▸ **EXERCISE**:
Unless it is a picture, every line from the start of the entries through the line with "Surtain's two interceptions" must be retyped exactly.

◆ ◆ ◆ ◆ ◆ ◆ ◆

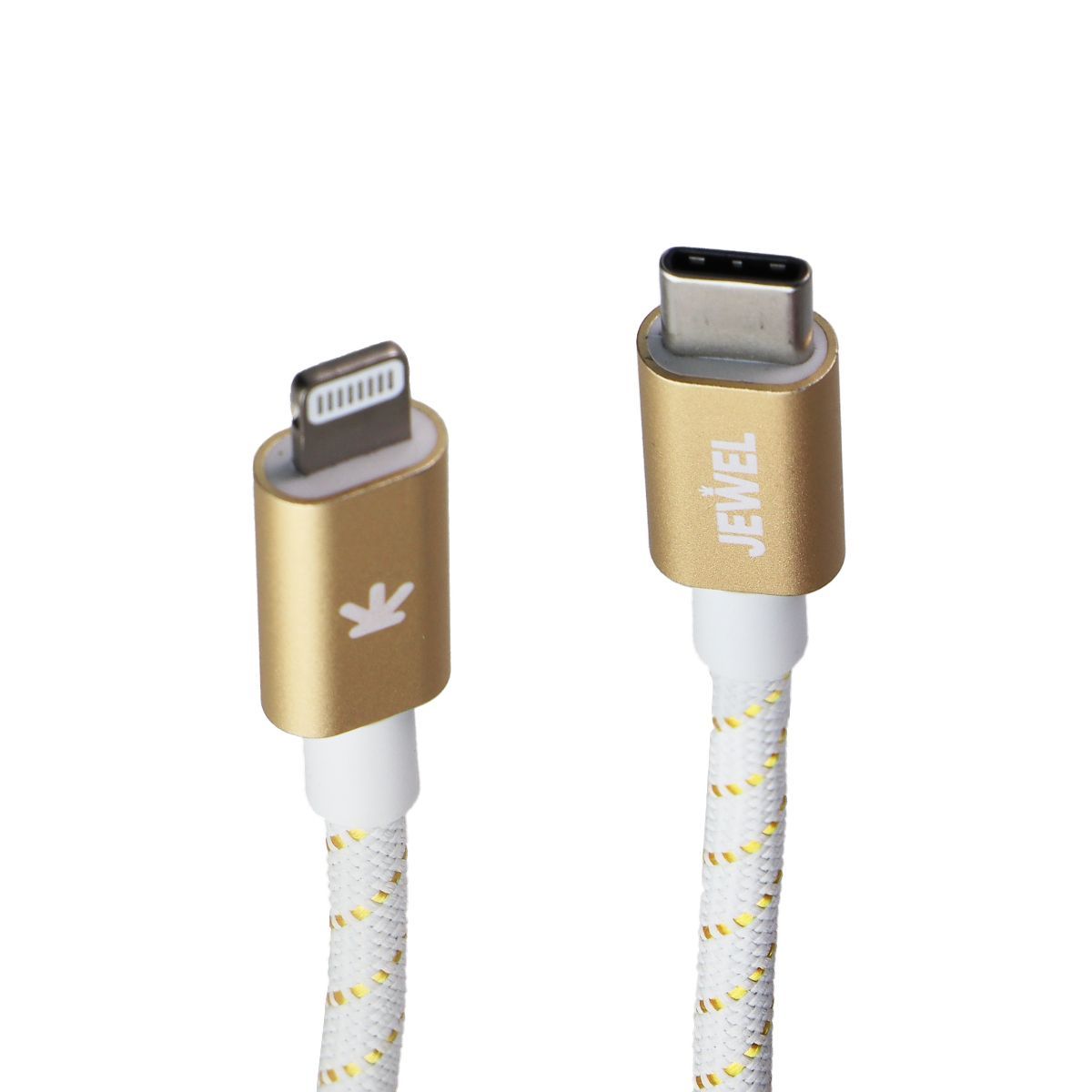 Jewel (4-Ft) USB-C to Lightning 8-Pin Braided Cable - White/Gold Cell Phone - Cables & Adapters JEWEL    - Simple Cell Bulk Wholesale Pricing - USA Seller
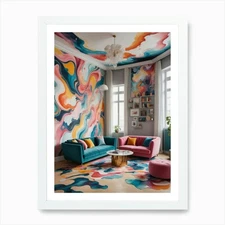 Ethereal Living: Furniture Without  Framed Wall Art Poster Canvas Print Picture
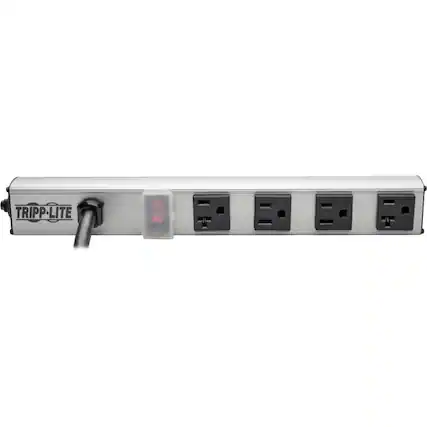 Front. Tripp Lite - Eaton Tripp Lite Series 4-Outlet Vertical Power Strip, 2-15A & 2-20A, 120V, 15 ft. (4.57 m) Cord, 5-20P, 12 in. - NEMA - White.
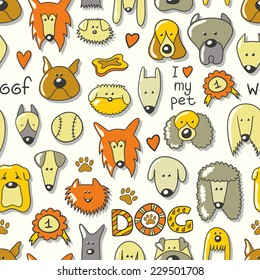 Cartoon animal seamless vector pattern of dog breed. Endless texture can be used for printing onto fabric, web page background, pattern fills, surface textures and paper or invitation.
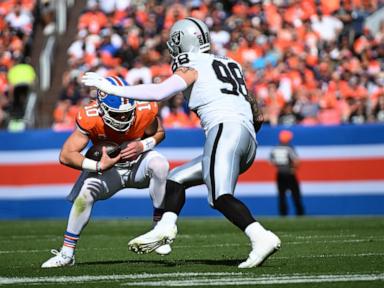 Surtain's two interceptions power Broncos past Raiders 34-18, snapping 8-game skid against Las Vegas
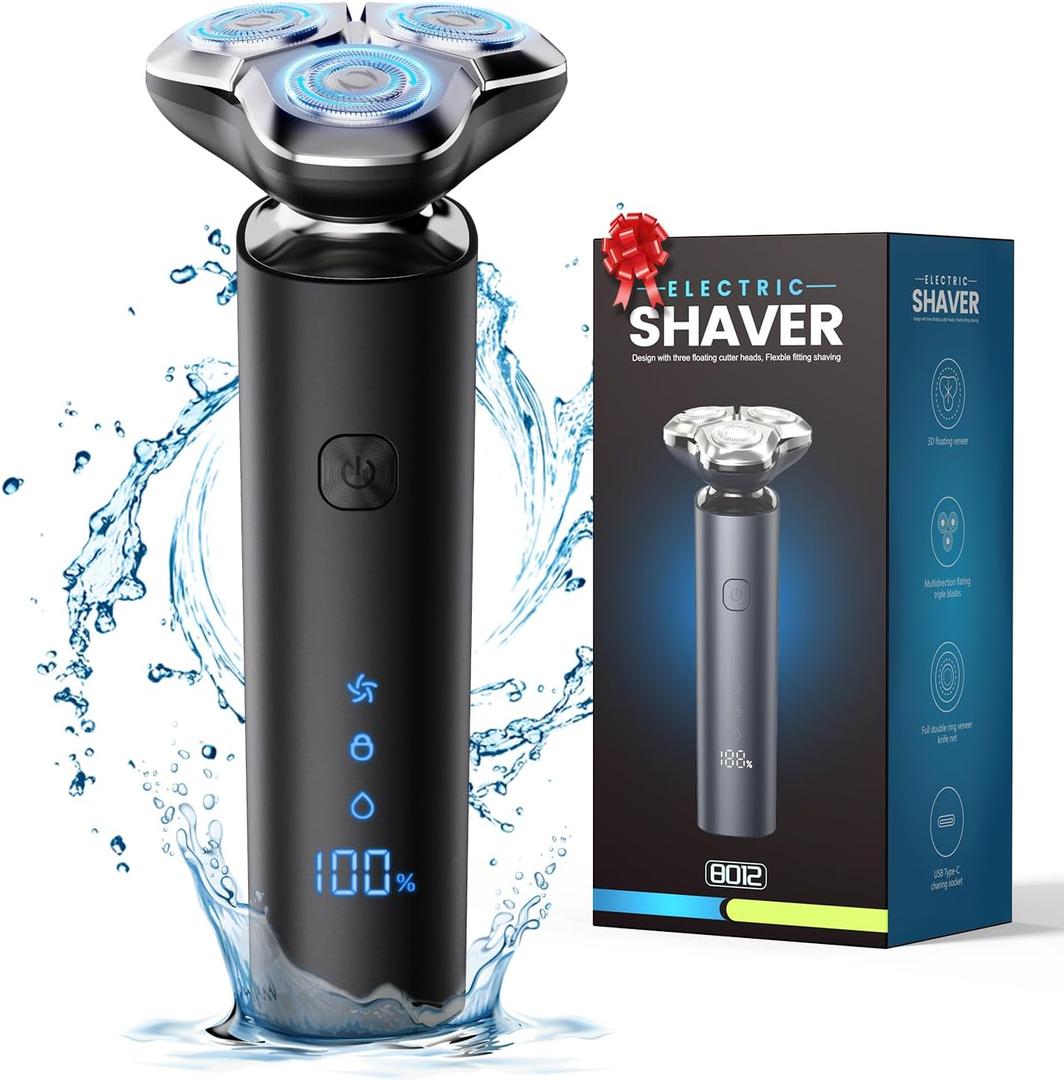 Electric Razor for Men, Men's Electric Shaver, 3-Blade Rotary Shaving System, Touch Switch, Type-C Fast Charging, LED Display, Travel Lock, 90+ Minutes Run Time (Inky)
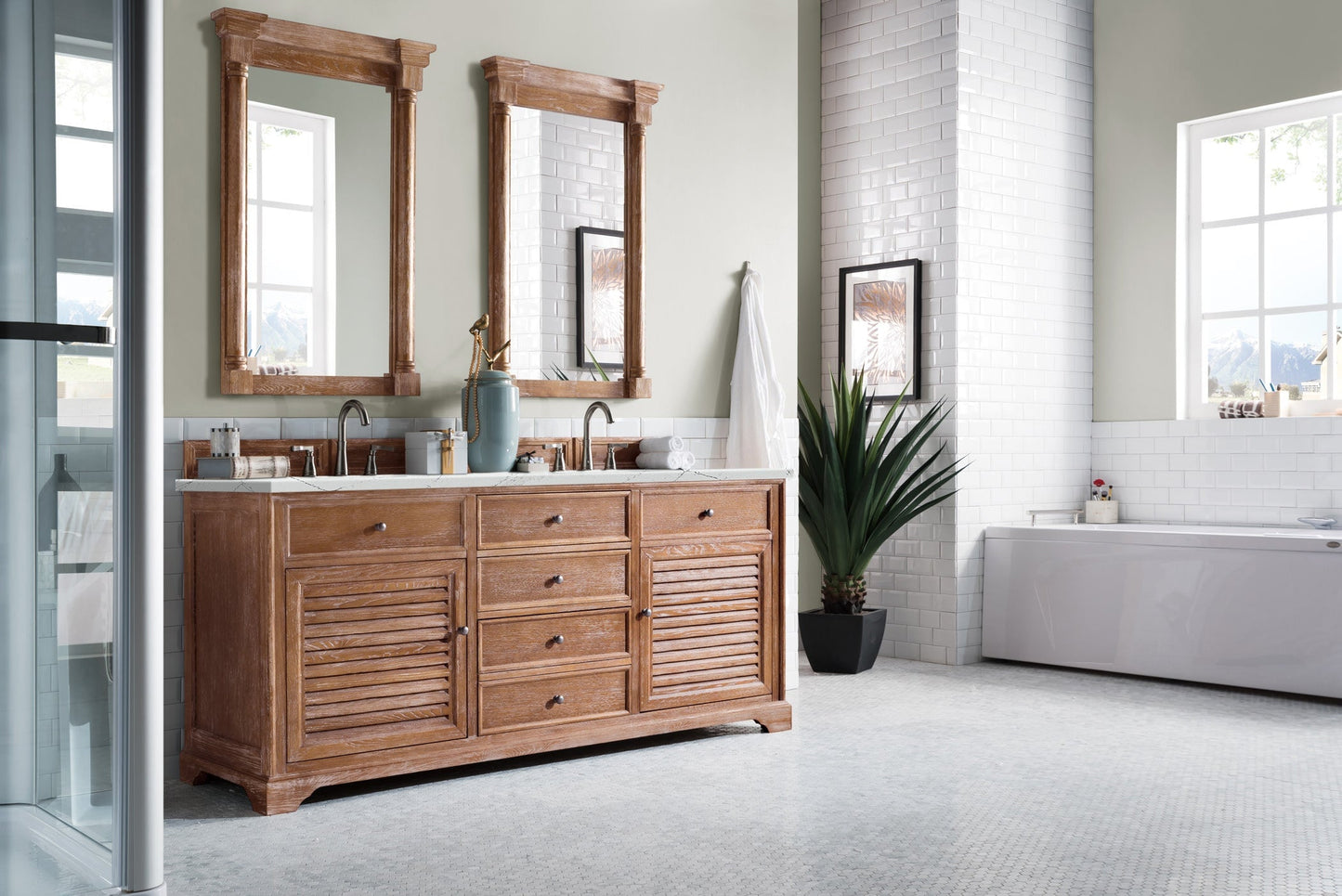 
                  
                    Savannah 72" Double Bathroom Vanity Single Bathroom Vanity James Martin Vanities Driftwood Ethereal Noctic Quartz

◆ ◆ ◆ ◆ ◆ ◆ ◆

▸ **RESULT OF THIS EXERCISE**:
 Jewel (4-Ft) USB-C to Lightning 8-Pin Braided Cable - White/Gold Cell Phone - Cables & Adapters JEWEL    - Simple Cell Bulk Wholesale Pricing - USA Seller
 Ethereal Living: Furniture Without  Framed Wall Art Poster Canvas Print Picture
 Front. Tripp Lite - Eaton Tripp Lite Series 4-Outlet Vertical Power Strip, 2-15A & 2-20A, 120V, 15 ft. (4.57 m) Cord, 5-20P, 12 in. - NEMA - White.
 Cartoon animal seamless vector pattern of dog breed. Endless texture can be used for printing onto fabric, web page background, pattern fills, surface textures and paper or invitation.
 Surtain's two interceptions power Broncos past Raiders 34-18, snapping 8-game skid against Las Vegas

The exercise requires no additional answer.